Lower-Order Questions
Can be answered through memory and recall (70-95% of teachers questions are in this category)
Mastery Learning
Given the right tools, all children can learn. Individualized reward structure. Students move at own pace. Increases motivation to learn, test scores, and attendance.
Mentors
Experienced teachers selected to guide new teachers through the school culture and norms, shedding light on the official and hidden school culture. Offer emotional support and tips regarding curriculum, teaching strategies, and scheduling problems.
Pedagogical Cycle
1. Structure (teach provides info, direction, and introduces topic) 2. Question (teacher asks question) 3. Respond (student answers question/tries to) 4. React (Teacher provides feedback to 'answer') Better cycle, better achievement!
Problem-Based Learning
Experience-based education, project-based instruction, and anchored (in the real world) instruction. Relies on learner cooperation, higher-order thinking, and cross-disciplinary work.
Reflective Teaching
Continually analyze own practices and performance.
Mary Budd Rowe
Researched wait time.

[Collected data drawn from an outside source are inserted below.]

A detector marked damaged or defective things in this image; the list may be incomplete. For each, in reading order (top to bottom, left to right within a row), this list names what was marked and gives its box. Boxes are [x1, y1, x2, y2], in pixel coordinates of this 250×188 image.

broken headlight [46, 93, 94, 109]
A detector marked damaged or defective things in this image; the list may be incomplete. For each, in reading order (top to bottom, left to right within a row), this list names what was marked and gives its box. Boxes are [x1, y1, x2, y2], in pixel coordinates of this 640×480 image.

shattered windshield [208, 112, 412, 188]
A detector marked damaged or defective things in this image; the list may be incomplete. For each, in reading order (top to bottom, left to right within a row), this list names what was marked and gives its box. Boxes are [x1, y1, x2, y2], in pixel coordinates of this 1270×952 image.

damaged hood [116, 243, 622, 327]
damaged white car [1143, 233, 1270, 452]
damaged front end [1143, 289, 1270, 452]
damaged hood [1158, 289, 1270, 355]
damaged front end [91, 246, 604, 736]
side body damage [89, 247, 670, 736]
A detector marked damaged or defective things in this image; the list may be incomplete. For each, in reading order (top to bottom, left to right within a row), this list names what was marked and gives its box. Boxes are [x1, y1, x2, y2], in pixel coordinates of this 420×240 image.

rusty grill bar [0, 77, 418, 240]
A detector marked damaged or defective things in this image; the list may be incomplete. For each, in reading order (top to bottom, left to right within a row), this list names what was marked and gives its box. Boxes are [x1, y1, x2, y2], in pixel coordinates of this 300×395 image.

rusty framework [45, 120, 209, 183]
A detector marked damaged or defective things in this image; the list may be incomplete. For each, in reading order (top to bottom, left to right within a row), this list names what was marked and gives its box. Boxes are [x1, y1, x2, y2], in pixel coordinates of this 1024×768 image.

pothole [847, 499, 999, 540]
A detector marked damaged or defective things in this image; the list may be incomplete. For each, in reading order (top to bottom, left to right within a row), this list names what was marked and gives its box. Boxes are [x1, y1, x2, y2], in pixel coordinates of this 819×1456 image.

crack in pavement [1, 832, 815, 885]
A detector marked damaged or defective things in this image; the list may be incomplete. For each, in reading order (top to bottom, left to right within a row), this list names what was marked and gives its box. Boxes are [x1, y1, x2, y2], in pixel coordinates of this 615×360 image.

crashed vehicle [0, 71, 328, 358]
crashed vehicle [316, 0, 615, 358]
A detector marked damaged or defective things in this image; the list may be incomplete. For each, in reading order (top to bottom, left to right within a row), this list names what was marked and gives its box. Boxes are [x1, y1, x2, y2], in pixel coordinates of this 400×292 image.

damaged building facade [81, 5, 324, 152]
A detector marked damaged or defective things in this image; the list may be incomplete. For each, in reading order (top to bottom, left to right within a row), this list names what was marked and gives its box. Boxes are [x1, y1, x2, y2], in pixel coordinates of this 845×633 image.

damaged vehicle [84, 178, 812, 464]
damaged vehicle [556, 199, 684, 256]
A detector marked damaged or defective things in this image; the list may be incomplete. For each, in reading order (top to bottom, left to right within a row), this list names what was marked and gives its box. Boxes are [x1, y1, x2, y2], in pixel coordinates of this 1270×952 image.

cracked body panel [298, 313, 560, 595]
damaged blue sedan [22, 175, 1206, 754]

Discovered increasing pause after student gives an answer is equally important as increasing pause before selecting a student to answer the question.
Robert Slavin
A pioneer in cooperative learning techniques. All students must understand topic before a group can move on. Students raise up those who are having a harder time.
Wait Time
Slowing down class discussion during key points to generate better answers from students. Important after asking questions and after a question is answered. Most teachers' wait times are around one second when they should be three to five seconds.